A classic noir, Kubrick’s third feature revels in the genre’s striking aesthetics, with masterful tracking shots and use of lighting. The characters, George in particular, often appear behind bars, with the shadows in some scenes cast by an iron bedstead – what should have been an object of domestic bliss now a stand-in for George’s unhappy fate. The motif is repeated in a fabulously grim scene, where our characters find themselves trapped, enclosed by bars of light and dark, their fate sealed. The allegories – they are all pieces of a puzzle, pawns on a chessboard – are not always subtle, but they are evocative.

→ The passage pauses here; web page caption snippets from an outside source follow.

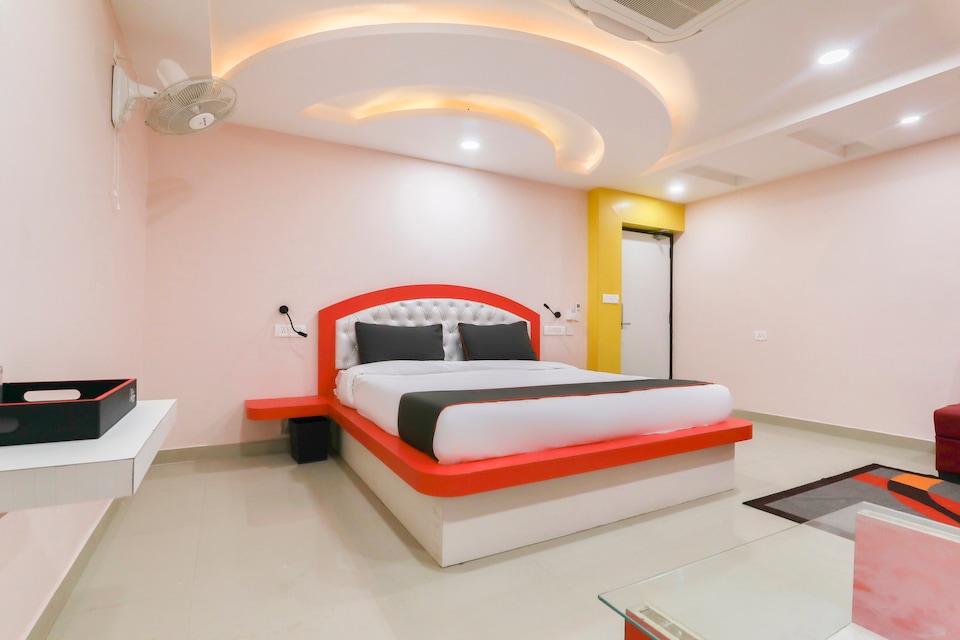 LIVE as LCK2239, Airport Lucknow, Lucknow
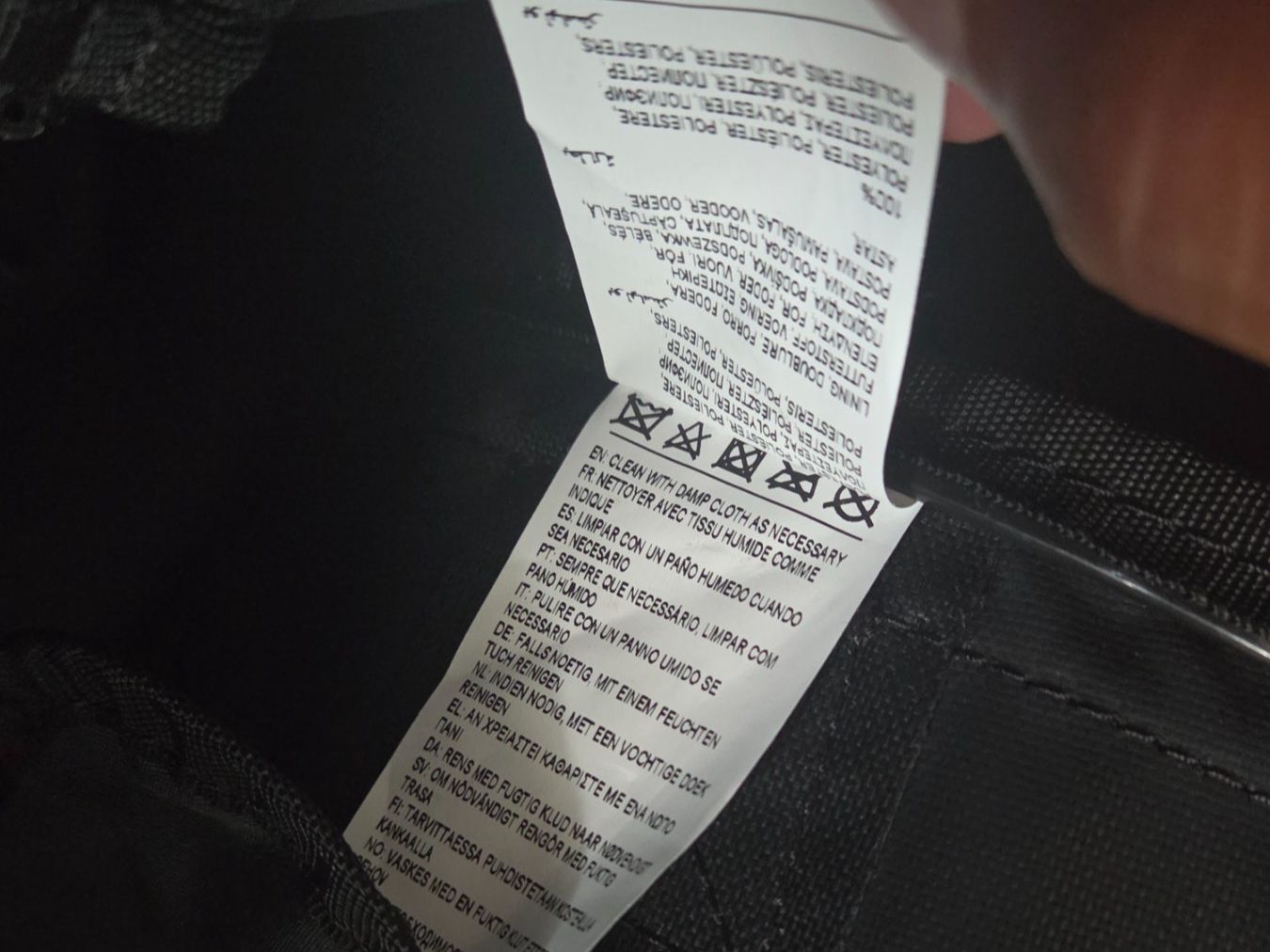 Nike Taschen: Nike Performance Sporttasche schwarz – Gebraucht aus Bonstetten von atiale 5
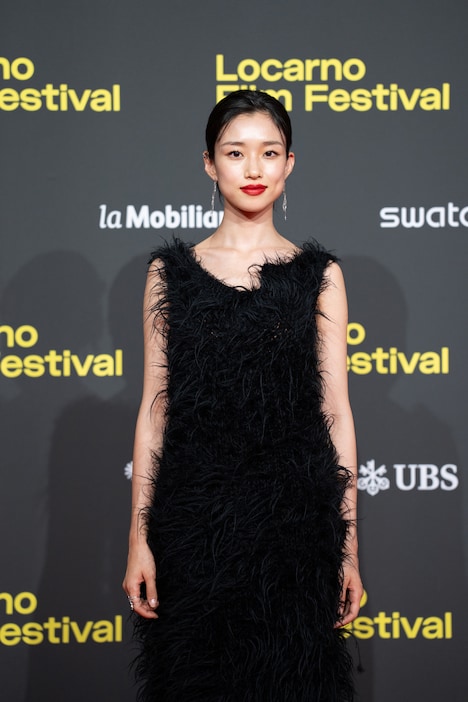 第78回ロカルノ国際映画祭のレッドカーペットに登場した河合優実 ©Locarno Film Festival / Ti-Press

Although Johnny’s meticulous planning pays off, Sherry’s intervention means that there is no chance of a ‘happy’ ending, only a senseless, violent outcome. The very human weaknesses of envy and ego play their part in everyone’s downfall, but, Johnny, in the end, is also a victim of sheer bad luck, the unpredictable and unforeseen. As Sherry says, in the moment when her own fate has been decided for her, it’s ‘a bad joke without a punchline’.

Sarah Cronin

The Killing is released in a double feature Blu-ray edition by Arrow Video, together with Kurbrick’s second feature, Killer’s Kiss (1955).

Room 237

Room 237 (The Shining)

Format: Cinema

Dates: 26 October 2012

Venues: Key cities

Distributor: Metrodome

Director: Rodney Archer

USA 2012

102 mins

Subtitled ‘Being an inquiry into The Shining in 9 parts’, Rodney Ascher’s diverting documentary features a group of obsessives ranging from eccentric to out-and-out whacky expounding upon their theories about the Stanley Kubrick film in voice-over. Those are illustrated by an artfully assembled montage of graphics and manipulated clips from the film, together with well-chosen odds and sods from Western cinema in general and Kubrick’s oeuvre in particular, in a manner reminiscent of Adam Curtis’s work. Ascher does his damnedest to make it visually and aurally interesting, and lets his chosen voices speak without judgement.

Most of the speakers were disappointed by their first encounter with the film, but went back to it on VHS, on DVD, on Blu-ray, watching it over and over, convinced that a cinematic master with an IQ of 200 couldn’t just produce an overly mannered misfire, no, there had to be more to it than that. They started to map the geography of the Overlook hotel, read the posters, props and set decoration for clues, and assume that continuity errors must be there for a reason. The result suggests that what The Shining was really about was, well, take your pick: the Holocaust, Greek myth, American ‘Manifest Destiny’ and the genocide of the native population, and, my personal favourite, Kubrick apologising for his part in the faking of the moon landings by Apollo 11. This is Great Movie Mistakes as seen by people who don’t believe in mistake, chance or coincidence, and how much you enjoy it is going to be dependent upon how long you’re prepared to indulge their company – 102 minutes is a stretch.

But it says something about the reputation of the man and his cinema that this film, and doubtless hours more like it could be made. I can happily believe that he read the book Subliminal Seduction about hidden messages in advertising and interviewed Madison Avenue executives about how they worked. Maybe some of the weirdness in The Shining was the result. Who knows? But in his massively extensive research and attention to detail, the Kubrick of legend was just as obsessive as any of the contributors to this film. If, y’know, slightly more hinged.

As one of the unseen says at one point, ‘Kubrick is thinking about the implications of everything that exists!’